No cabe duda de que el correr (¡no hay necesidad de usar el neologismo ‘running’!) es una metáfora de la vida, incluso de la vida cristiana, como intuyeron san Pablo, san Ambrosio y las Actas de los mártires, en las que se les denomina alguna vez “atletas”. También lo es el caminar, el peregrinar y toda actividad que conlleve cierta resistencia… como la vida misma.
Escuela de vida
Por ello, además de metáfora, correr es una escuela de vida: nos enseña a seguir adelante en los malos momentos, a convivir con las lesiones del cuerpo y del alma, a ver al que corre a tu lado, no como un rival, sino como un compañero, a ser humildes en los momentos de euforia y tenaces en los momentos de desánimo, a ser muy conscientes de aquello que cantaba José Alfredo Jiménez, que “no hay que llegar primero, pero hay que saber llegar”.

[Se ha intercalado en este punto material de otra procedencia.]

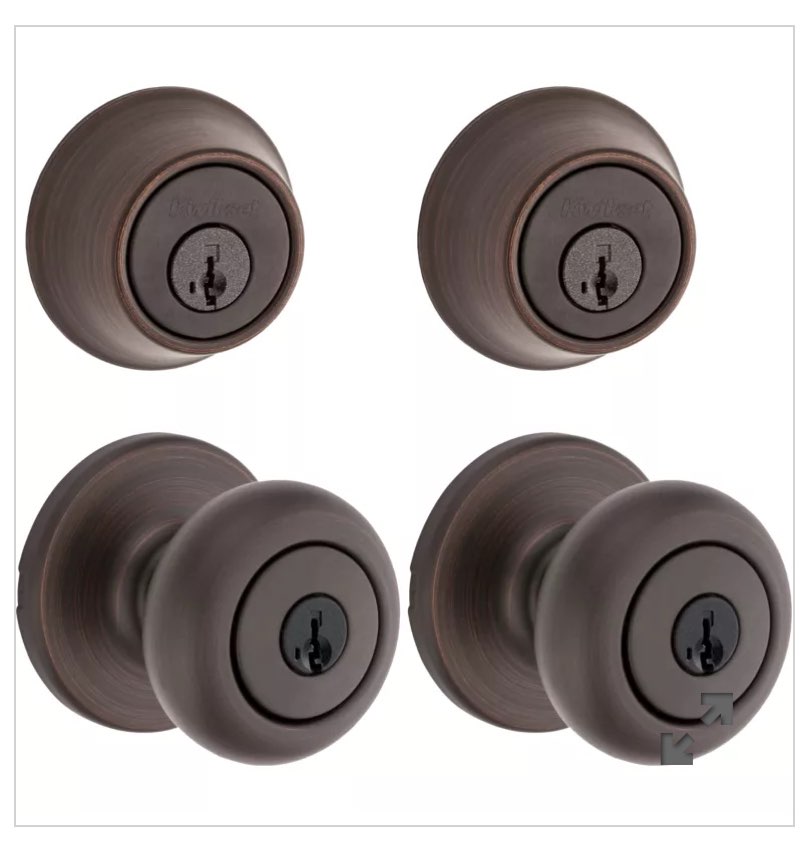 cove project pack - two keyed knobs and two keyed one side deadbolts - featuring smartkey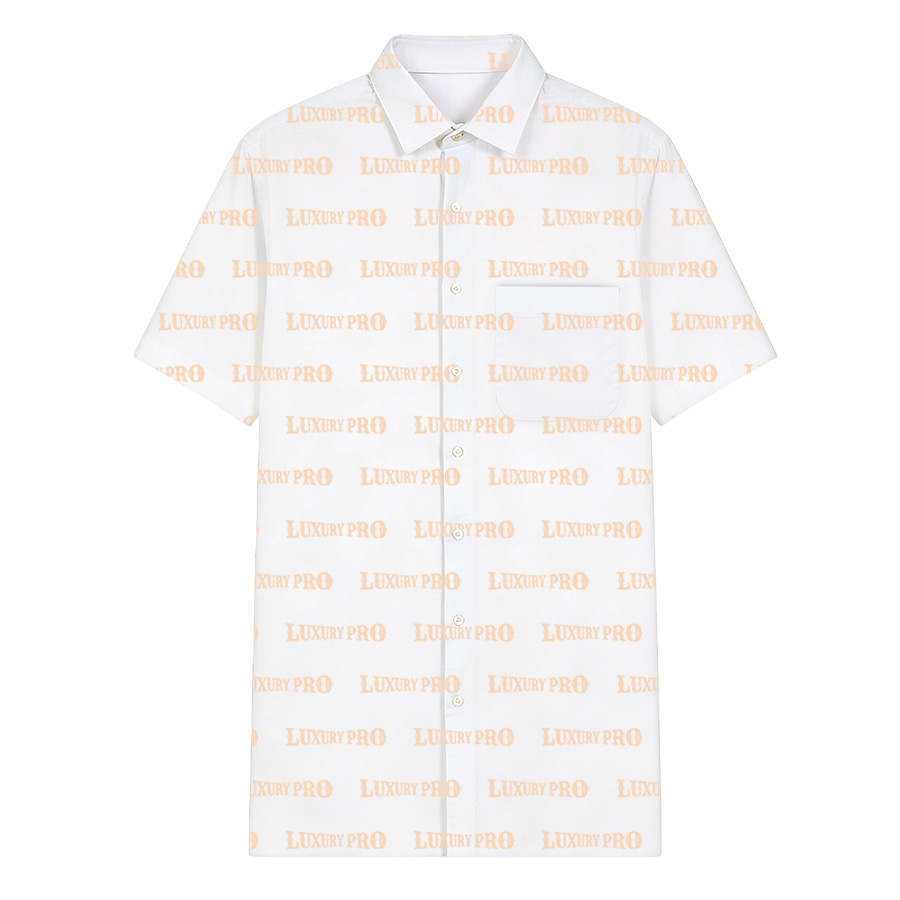 Regular Collar Shirt with Right Side Pocket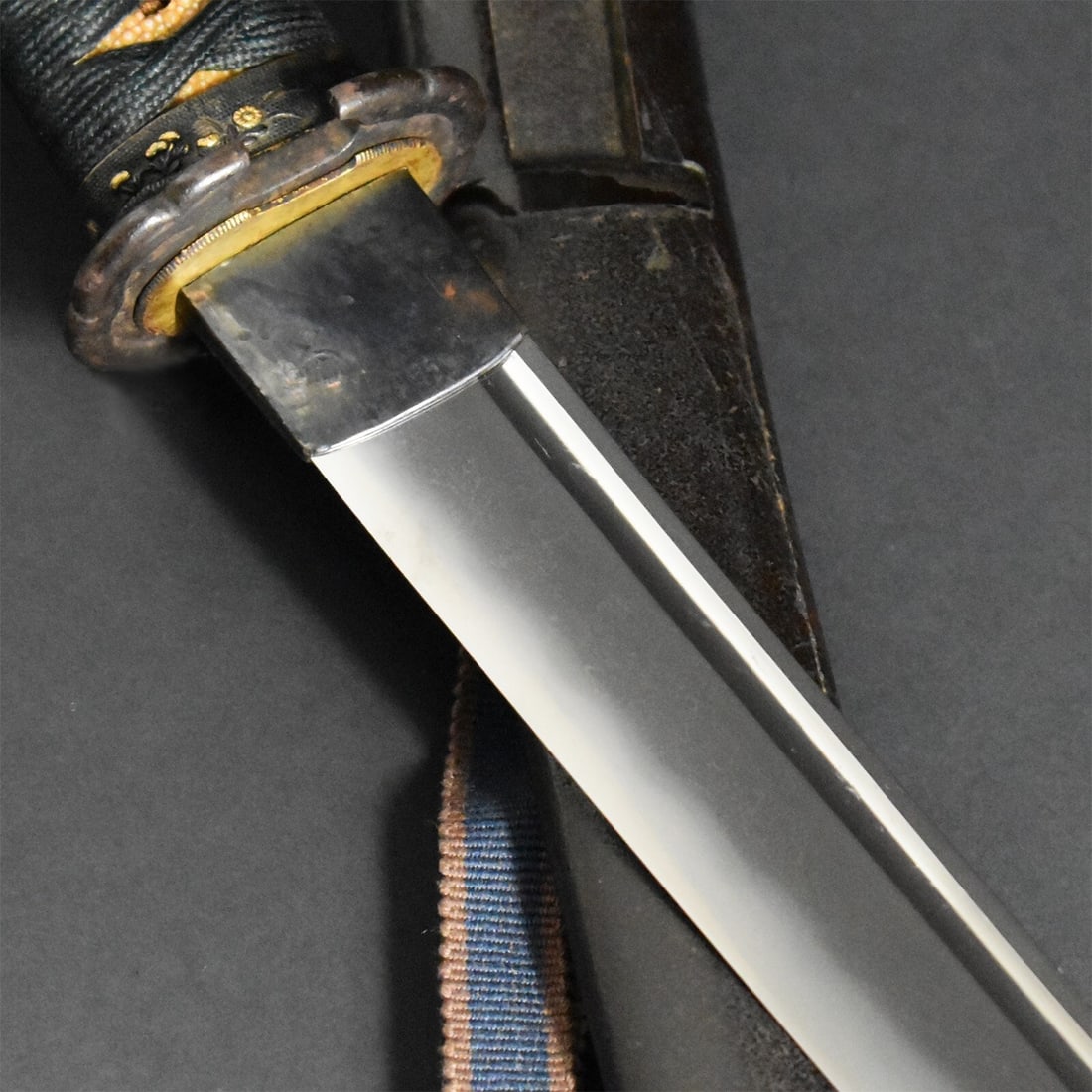 NTHK Certified Genroku Edo Period Jyumyo Tanto Katana Japanese Antique Sword Koshirae - 9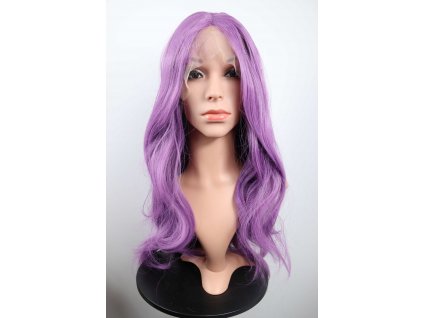 Bella - lace front fialová vlnitá parochňa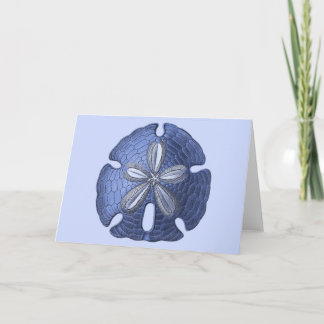 Blue Sand Dollar Karte
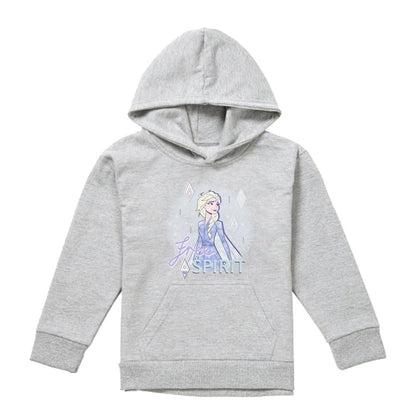 Athletic Heather - Front - Frozen Childrens-Kids Believe In Yourself Elsa Hoodie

Porque, en el fondo, el correr, el seguir, el avanzar… conlleva la intuición o el deseo de que haya una meta y de que la carrera tenga un sentido, que aquello que se atribuye a Filípides (¡hemos vencido!) sea verdad.
Desde aquellas primeras carreras hasta hoy, el correr ha cambiado mucho: se ha masificado, se ha comercializado, se ha sofisticado y… ahora se llama running. No es (o no tiene por qué serlo) algo negativo, pero a veces parece que se ha perdido algo de la esencia de este deporte. Se nos ha olvidado que se trata de una actividad lúdica y se nos ha colado una cierta competitividad desenfocada, ignorando que el único rival en la carrera de fondo es uno mismo (las rutinas, las resistencias, los fantasmas, los desánimos…).